▸ **What is needed**: Retype the full set of records. Keep every character identical.

------------------------------------

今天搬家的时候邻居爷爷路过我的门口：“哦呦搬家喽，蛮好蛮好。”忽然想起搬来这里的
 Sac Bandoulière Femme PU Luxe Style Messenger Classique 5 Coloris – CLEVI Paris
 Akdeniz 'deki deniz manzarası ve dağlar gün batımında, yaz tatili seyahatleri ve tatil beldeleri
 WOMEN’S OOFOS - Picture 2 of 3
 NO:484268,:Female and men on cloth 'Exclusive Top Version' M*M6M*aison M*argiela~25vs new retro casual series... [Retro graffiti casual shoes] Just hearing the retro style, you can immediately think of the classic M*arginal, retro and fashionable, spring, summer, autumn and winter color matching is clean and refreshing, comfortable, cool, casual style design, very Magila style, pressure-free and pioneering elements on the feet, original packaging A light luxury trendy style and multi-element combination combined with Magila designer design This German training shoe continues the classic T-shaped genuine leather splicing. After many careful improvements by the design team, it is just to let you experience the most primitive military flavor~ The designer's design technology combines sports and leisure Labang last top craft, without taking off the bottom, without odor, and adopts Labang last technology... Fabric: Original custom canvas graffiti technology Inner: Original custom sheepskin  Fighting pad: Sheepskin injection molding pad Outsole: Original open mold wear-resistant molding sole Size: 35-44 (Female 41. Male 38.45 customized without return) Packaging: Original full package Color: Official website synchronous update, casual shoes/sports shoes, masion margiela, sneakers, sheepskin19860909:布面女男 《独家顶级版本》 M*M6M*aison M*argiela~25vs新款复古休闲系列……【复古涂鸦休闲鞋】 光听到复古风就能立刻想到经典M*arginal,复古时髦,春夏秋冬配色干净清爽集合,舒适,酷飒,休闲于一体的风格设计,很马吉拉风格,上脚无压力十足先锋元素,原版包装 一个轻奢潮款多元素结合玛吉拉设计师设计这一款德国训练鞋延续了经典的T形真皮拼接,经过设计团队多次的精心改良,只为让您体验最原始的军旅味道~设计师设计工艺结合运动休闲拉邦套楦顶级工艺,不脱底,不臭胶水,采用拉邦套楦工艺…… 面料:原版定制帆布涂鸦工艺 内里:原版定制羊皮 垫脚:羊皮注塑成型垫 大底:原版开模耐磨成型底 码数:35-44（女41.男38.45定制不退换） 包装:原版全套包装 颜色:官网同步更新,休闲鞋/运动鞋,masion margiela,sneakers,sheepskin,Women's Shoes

------------------------------------

▸ **Response**:
今天搬家的时候邻居爷爷路过我的门口：“哦呦搬家喽，蛮好蛮好。”忽然想起搬来这里的
 Sac Bandoulière Femme PU Luxe Style Messenger Classique 5 Coloris – CLEVI Paris
 Akdeniz 'deki deniz manzarası ve dağlar gün batımında, yaz tatili seyahatleri ve tatil beldeleri
 WOMEN’S OOFOS - Picture 2 of 3
 NO:484268,:Female and men on cloth 'Exclusive Top Version' M*M6M*aison M*argiela~25vs new retro casual series... [Retro graffiti casual shoes] Just hearing the retro style, you can immediately think of the classic M*arginal, retro and fashionable, spring, summer, autumn and winter color matching is clean and refreshing, comfortable, cool, casual style design, very Magila style, pressure-free and pioneering elements on the feet, original packaging A light luxury trendy style and multi-element combination combined with Magila designer design This German training shoe continues the classic T-shaped genuine leather splicing. After many careful improvements by the design team, it is just to let you experience the most primitive military flavor~ The designer's design technology combines sports and leisure Labang last top craft, without taking off the bottom, without odor, and adopts Labang last technology... Fabric: Original custom canvas graffiti technology Inner: Original custom sheepskin  Fighting pad: Sheepskin injection molding pad Outsole: Original open mold wear-resistant molding sole Size: 35-44 (Female 41. Male 38.45 customized without return) Packaging: Original full package Color: Official website synchronous update, casual shoes/sports shoes, masion margiela, sneakers, sheepskin19860909:布面女男 《独家顶级版本》 M*M6M*aison M*argiela~25vs新款复古休闲系列……【复古涂鸦休闲鞋】 光听到复古风就能立刻想到经典M*arginal,复古时髦,春夏秋冬配色干净清爽集合,舒适,酷飒,休闲于一体的风格设计,很马吉拉风格,上脚无压力十足先锋元素,原版包装 一个轻奢潮款多元素结合玛吉拉设计师设计这一款德国训练鞋延续了经典的T形真皮拼接,经过设计团队多次的精心改良,只为让您体验最原始的军旅味道~设计师设计工艺结合运动休闲拉邦套楦顶级工艺,不脱底,不臭胶水,采用拉邦套楦工艺…… 面料:原版定制帆布涂鸦工艺 内里:原版定制羊皮 垫脚:羊皮注塑成型垫 大底:原版开模耐磨成型底 码数:35-44（女41.男38.45定制不退换） 包装:原版全套包装 颜色:官网同步更新,休闲鞋/运动鞋,masion margiela,sneakers,sheepskin,Women's Shoes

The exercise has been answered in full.